Monday, January 30, 2006

Palestine, the Supplicant Society

With the victory of Hamas in the Palestinian elections there are already reports of unrest by armed gangs affiliated with the defeated Fatah movement (the core of the old Palestine Liberation Organization), and predictions of more. To understand why the Fatah gunmen and cronies have so much to lose it is important to understand what kind of government is in charge of the Palestinian pseudo-state.

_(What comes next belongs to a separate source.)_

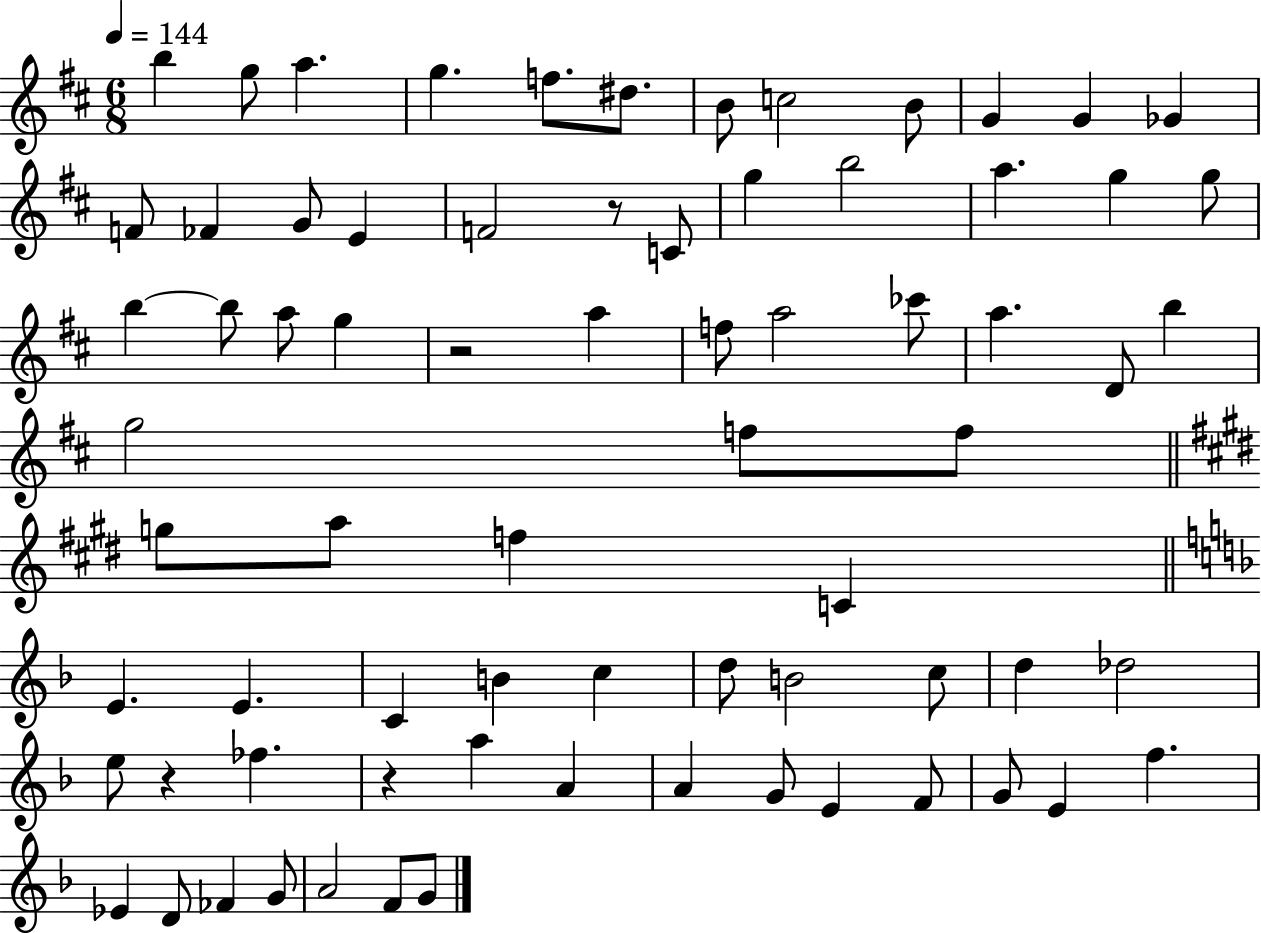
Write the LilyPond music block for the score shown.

The table below shows the ten nations and territories (out of 160 for which data are available) with the highest ratio of government consumption spending to GDP, according to the World Bank:

CountryGovt. consn./GDP (%)
St. Lucia26.95
West Bank & Gaza51.74

Government consumption spending is spending for immediate purchases of goods and services. It does not generally include welfare-state transfers, and is the most discretionary type of public spending. The Palestinian territories are thus the biggest nanny state in the world, by a substantial margin. Much of this money comes from foreign governments –- Arab states, the EU and the U.S. in particular. Much of it in turn is spent on pure pacification of Palestinians made restless by a dysfunctional economy. Astonishingly, according to the remarks of outgoing Palestianian economy minister Mazen Sinokort paraphrased in the LA Times and The International Herald Tribune, public employees are the “breadwinners for 30 percent of Palestinian families.”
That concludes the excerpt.